参考 Stack Overflow上 Python 展示百分比的更好的方法。

2 判断 Nonetype

参考 https://www.jianshu.com/p/a22ee281f05a

if df is None:
    print('It is Nonetype.')

3 run Python by command lines

参考 https://mail.python.org/pipermail/python-list/2002-June/173109.html

python -c "print 5"

4 TypeError: can’t pickle generator objects

参考 https://stackoverflow.com/questions/28963354/typeerror-cant-pickle-generator-objects

用 for 循环保存。

fold_id = kf.split(df)
import pickle as pkl
for (idx,i) in enumerate(fold_id):
    print(idx)
    file_name = '../model/fold_id_{}.pkl'.format(idx)
    print('{} saved.'.format(file_name))
    with open(file_name, 'wb') as f:
        pkl.dump(i, f)

0
../model/fold_id_0.pkl saved.
1
../model/fold_id_1.pkl saved.
2
../model/fold_id_2.pkl saved.
3
../model/fold_id_3.pkl saved.
4
../model/fold_id_4.pkl saved.
5
../model/fold_id_5.pkl saved.
6
../model/fold_id_6.pkl saved.
7
../model/fold_id_7.pkl saved.
8
../model/fold_id_8.pkl saved.
9
../model/fold_id_9.pkl saved.
10
../model/fold_id_10.pkl saved.
11
../model/fold_id_11.pkl saved.
12
../model/fold_id_12.pkl saved.
13
../model/fold_id_13.pkl saved.
14
../model/fold_id_14.pkl saved.
15
../model/fold_id_15.pkl saved.
16
../model/fold_id_16.pkl saved.
17
../model/fold_id_17.pkl saved.
18
../model/fold_id_18.pkl saved.
19
../model/fold_id_19.pkl saved.

$ du -sh model/fold_id* | clip
18M model/fold_id_0.pkl
18M model/fold_id_1.pkl
18M model/fold_id_10.pkl
18M model/fold_id_11.pkl
18M model/fold_id_12.pkl
18M model/fold_id_13.pkl
18M model/fold_id_14.pkl
18M model/fold_id_15.pkl
18M model/fold_id_16.pkl
18M model/fold_id_17.pkl
18M model/fold_id_18.pkl
18M model/fold_id_19.pkl
18M model/fold_id_2.pkl
18M model/fold_id_3.pkl
18M model/fold_id_4.pkl
18M model/fold_id_5.pkl
18M model/fold_id_6.pkl
18M model/fold_id_7.pkl
18M model/fold_id_8.pkl
18M model/fold_id_9.pkl

一般都比较大，fold id 文件，所以建议 ignore 的。

5 编码问题

用 pd.read_csv 读数据的时候，

UnicodeDecodeError: 'utf-8' codec can't decode byte 0xb2 in position 2: invalid start byte
UnicodeDecodeError: 'gbk' codec can't decode byte 0xa4 in position 0: illegal multibyte sequence

用记事本打开，用另存为保存为UTF-8。

6 文件名加入保存时间

参考 https://blog.csdn.net/u010417185/article/details/52293376

from datetime import datetime
string_time = datetime.now().strftime("%Y%m%d-%H%M%S")

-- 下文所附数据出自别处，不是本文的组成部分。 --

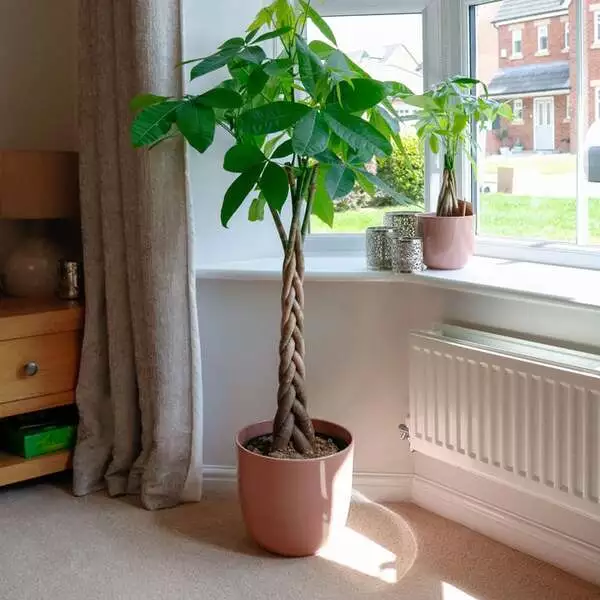 money-tree-pachira-aquatica-1-1 money tree pachira 4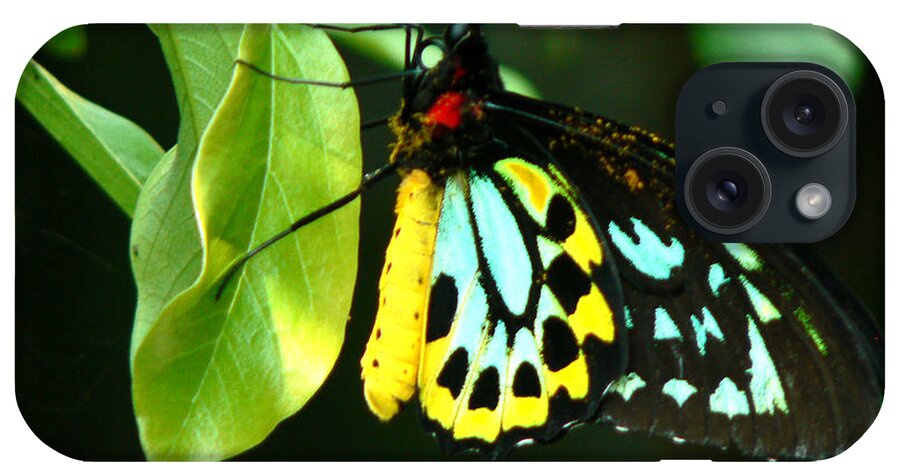 Butterfly iPhone Case featuring the photograph Butterfly on Leaf by Laurel Powell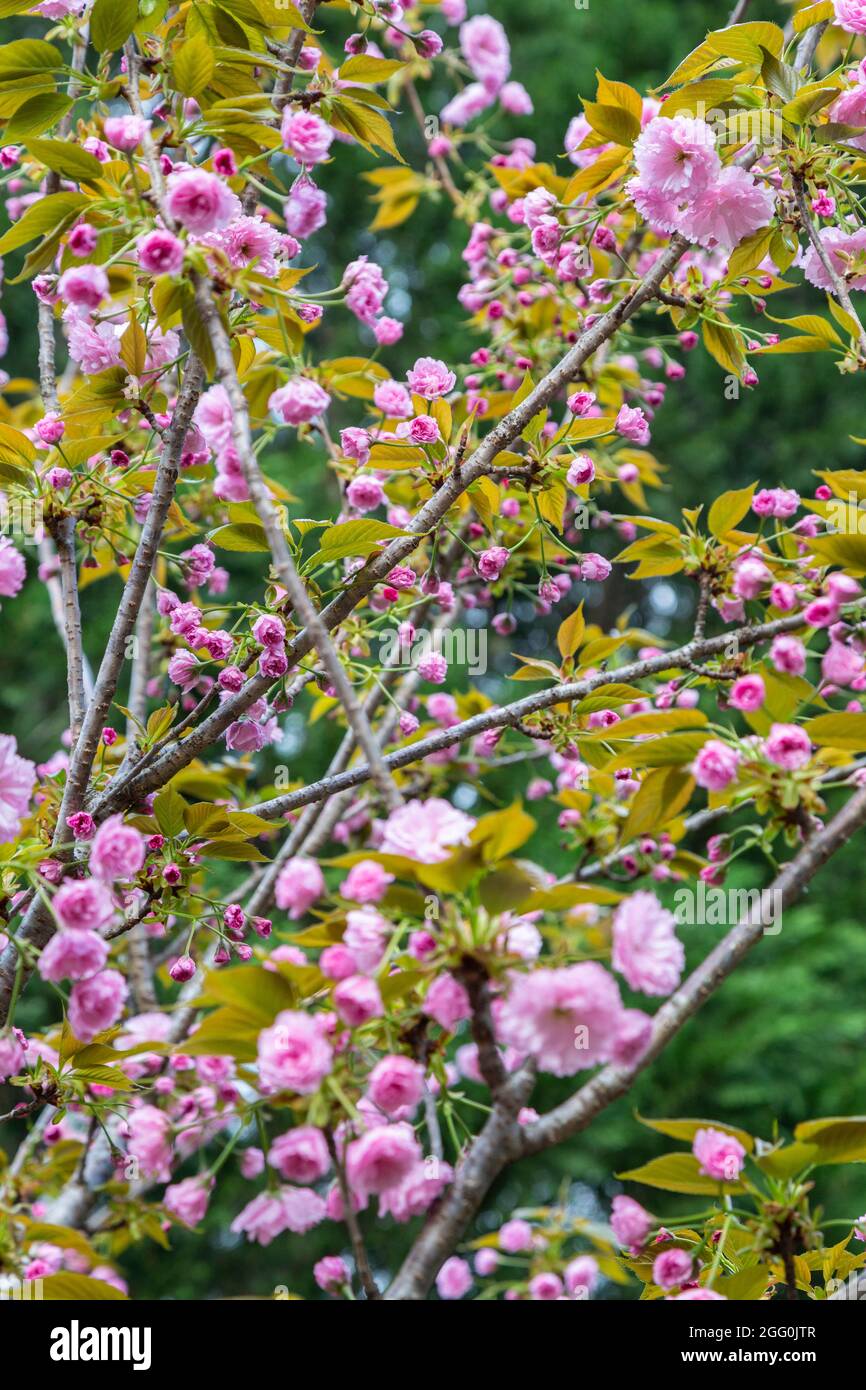 Kwanzan Cherry Tree Blossoms, aprile, Virginia, Stati Uniti. Foto Stock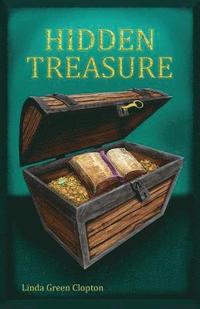 bokomslag Hidden Treasure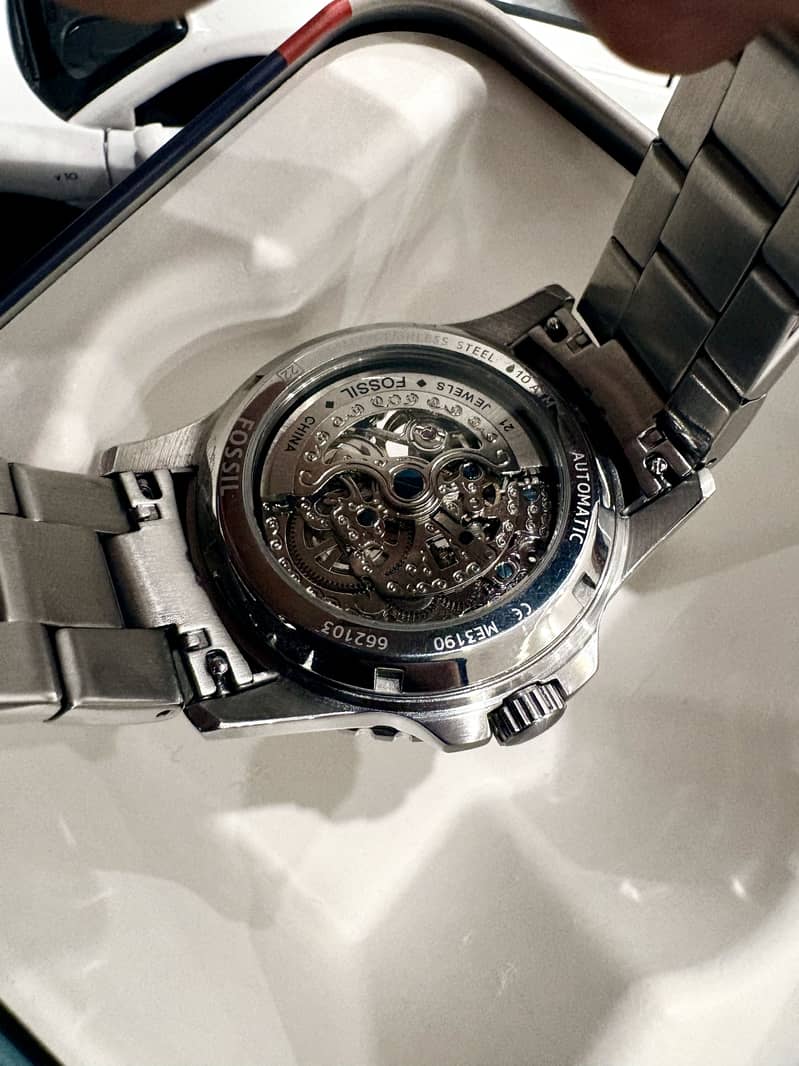 FOSSIL FB-01 Skeleton 1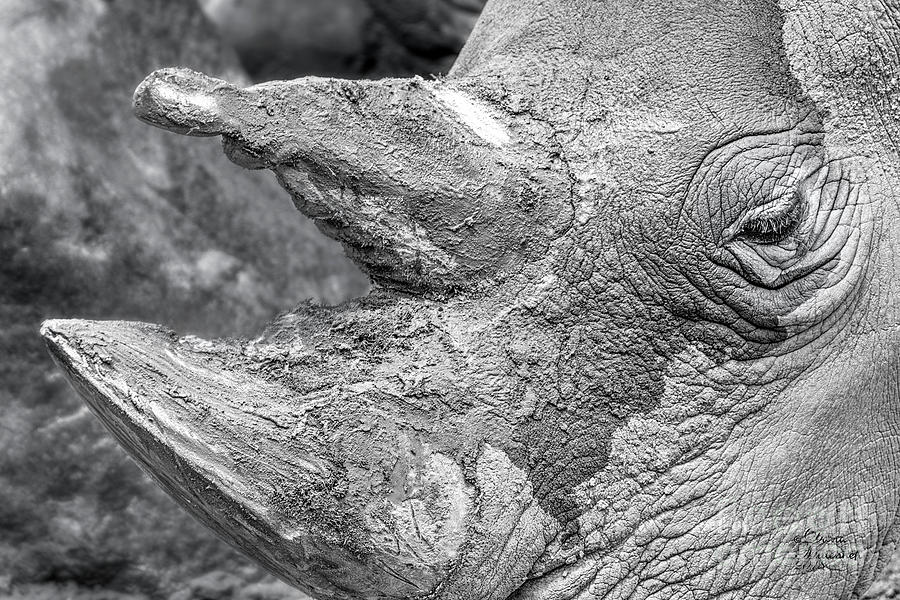 Rhinoceros Photograph by David Millenheft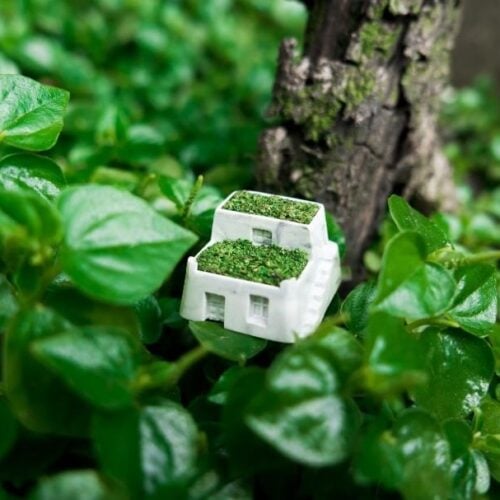 37043303 356196094910030 232856638409670656 N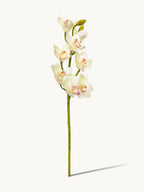 Amaranton 32" Real touch 10 - Bloom Cymbidium Orchid - Cream White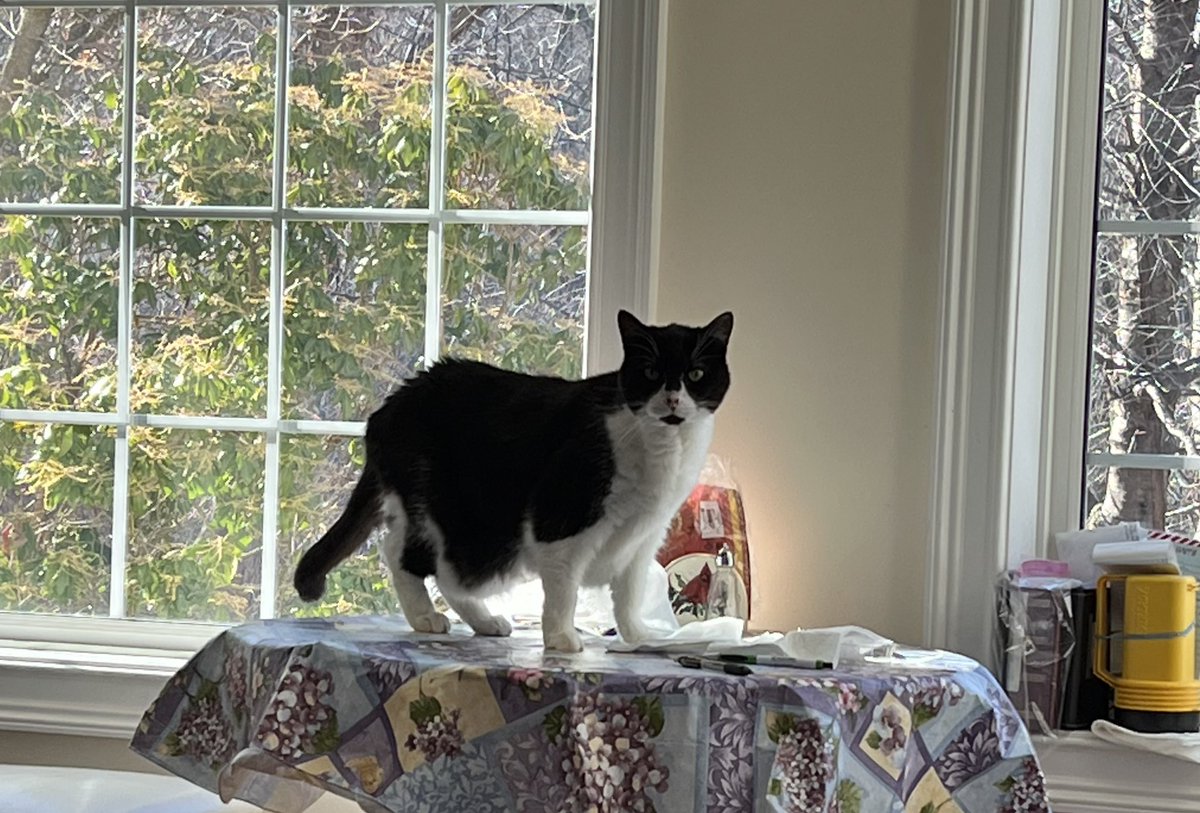 Hey Twitter friends, I’ve been under the weather and losing weight (for the first time in my life). 
Not sure what will happen, but this shows I’ve been right all along—when you can have a treat, have that treat, and when humans tell you don’t walk on tables, walk on that table.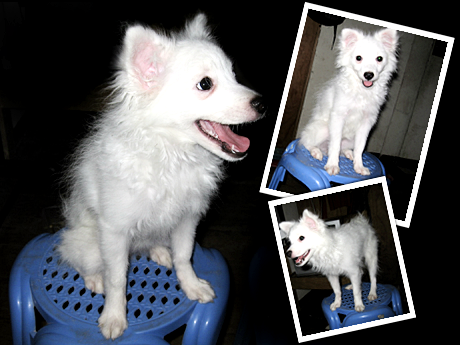 Photobucket - Video and Image Hosting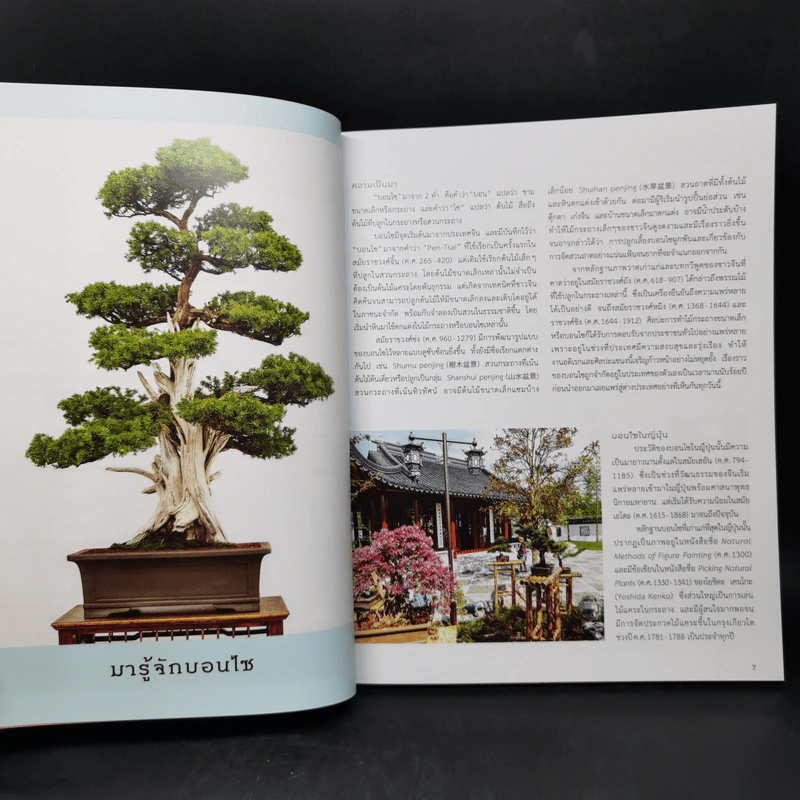 บอนไซ Bonsai - ภวพล ศุภนันทนานนท์ รูปที่ 10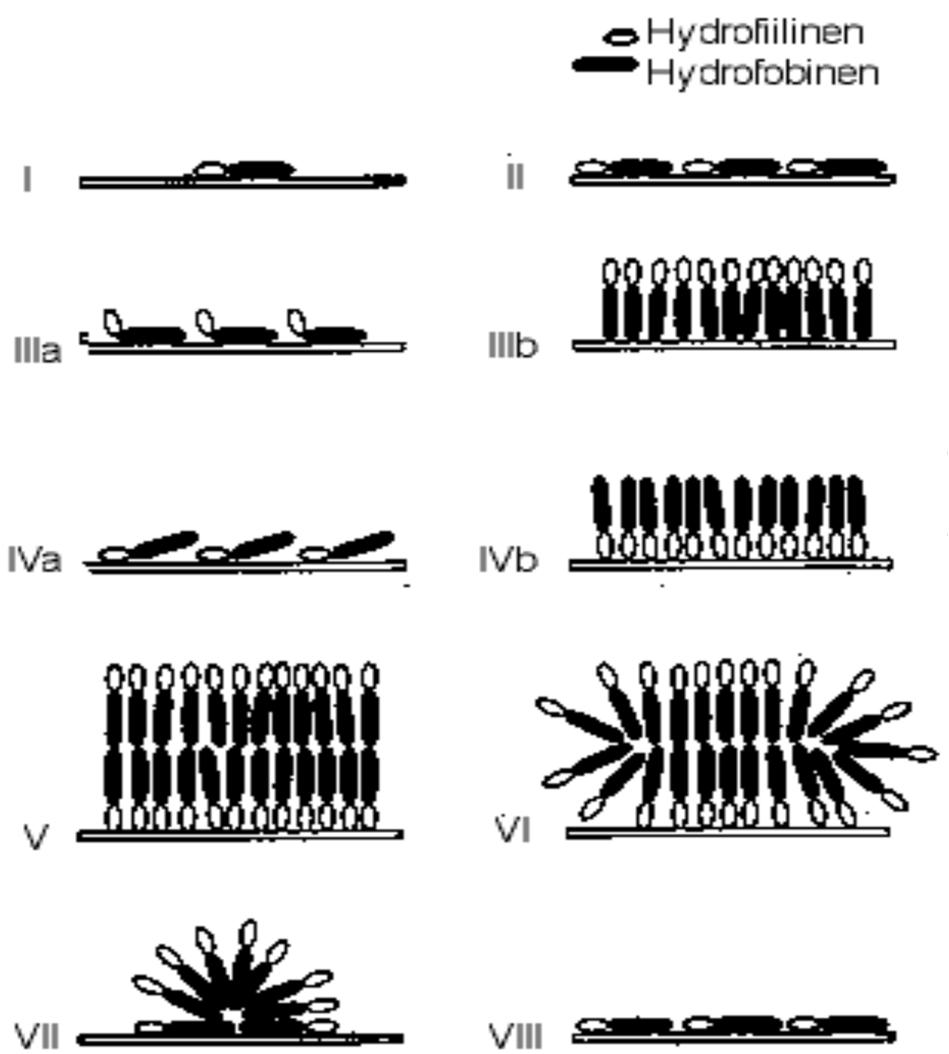 Adsorboituneen kerroksen rakenne I, II: Hyvin laimea liuos III a, b Korkean pintakonsentraation muodostuminen hydrofobiselle pinnalle IV a, b Korkean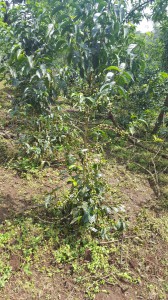 Monig-coffee-processing-industry (13)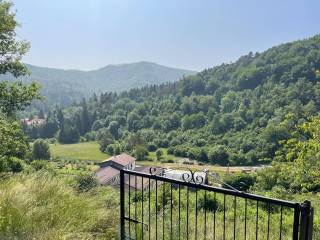Vista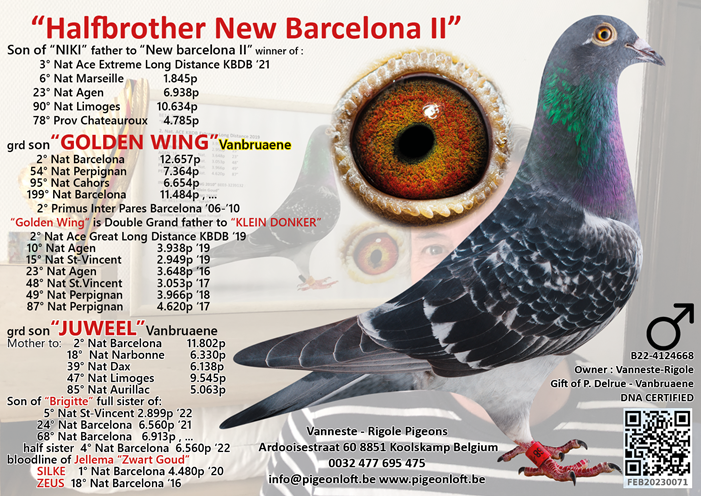 halfbrother New Barcelona II B22 4124668 08 06 25a
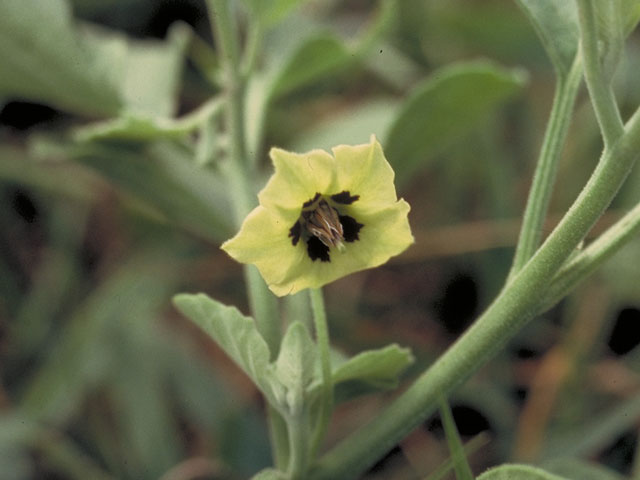 Physalis pubescens (Husk tomato) #5581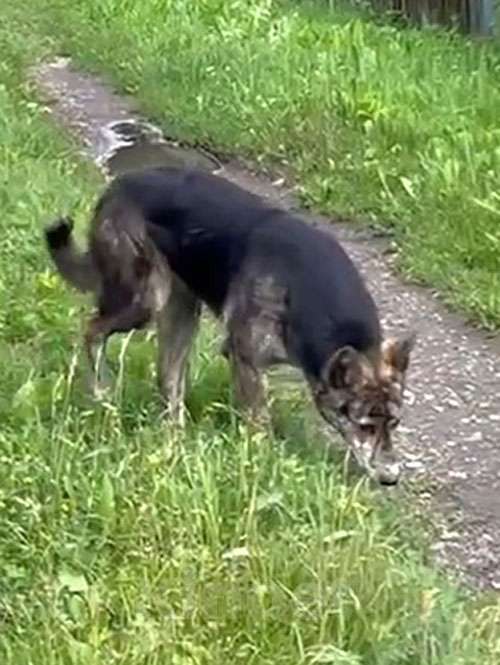 Собаки в Туле: Ласковый, дружелюбный песик-подросток Проша ищет дом Мальчик, 10 руб. - фото 2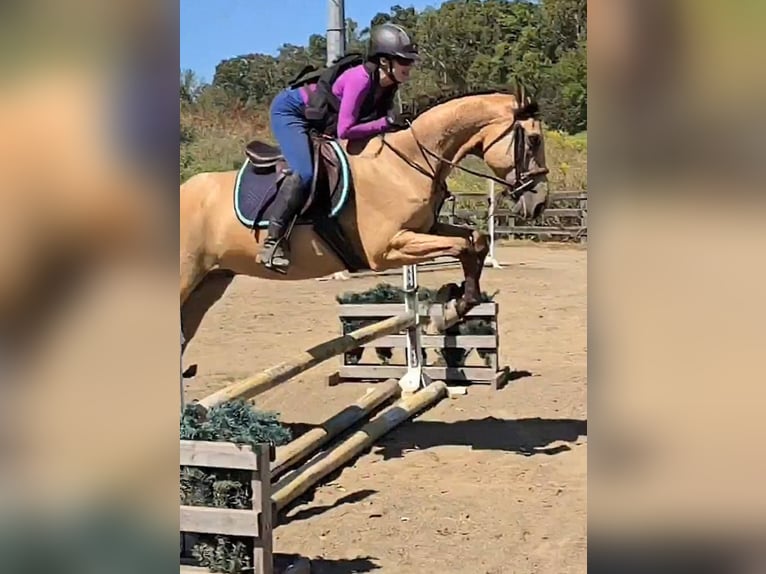 American Quarter Horse Wallach 6 Jahre 160 cm Buckskin in Jeffersonton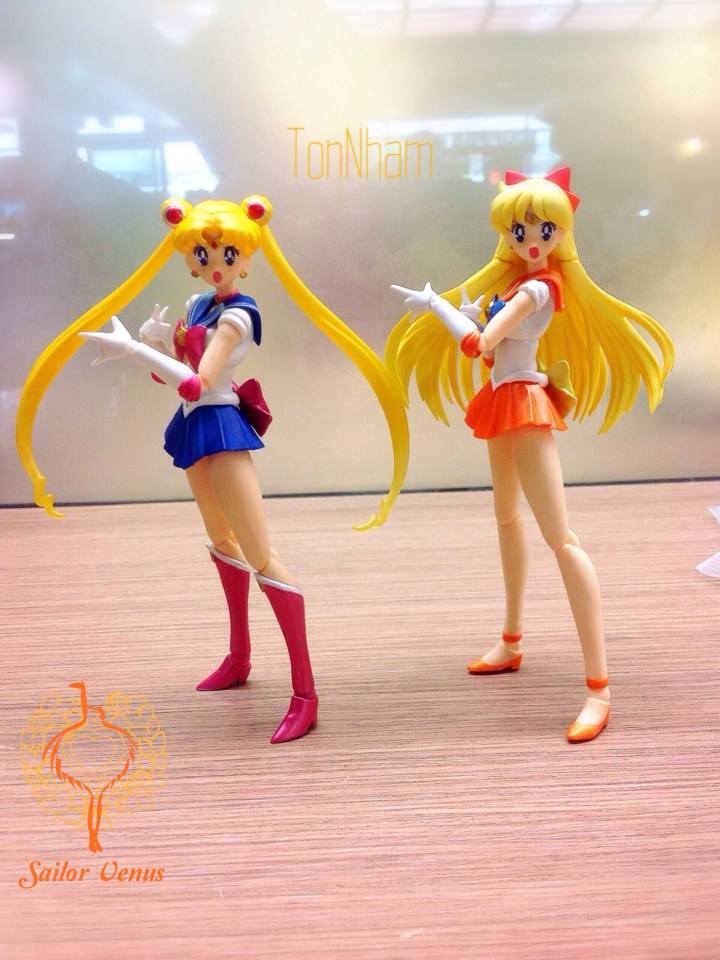 รีวิว S.H.Figuarts Sailor Venus จากBANDAIนะคร้าบ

file_name = 'submission-' + string_time + '.csv'

submission_df.to_csv('../submission/{}'.format(file_name), index = False, encoding = "UTF-8")

7 tuple in enumerate

参考天池大数据科研平台 (2020)

letters = [('a', 'A'), ('b', 'B'), ('c', 'C')]
for i, (lowercase, uppercase) in enumerate(letters):
    print(f"Index '{i}' refers to the letters '{lowercase}' and '{uppercase}'")

## Index '0' refers to the letters 'a' and 'A'
## Index '1' refers to the letters 'b' and 'B'
## Index '2' refers to the letters 'c' and 'C'

8 解析 config 或者 yaml 文件

参考 nbdev

read_lines("analysis/sample.ini")

[1] "[DEFAULT]"            "author = Jiaxiang Li"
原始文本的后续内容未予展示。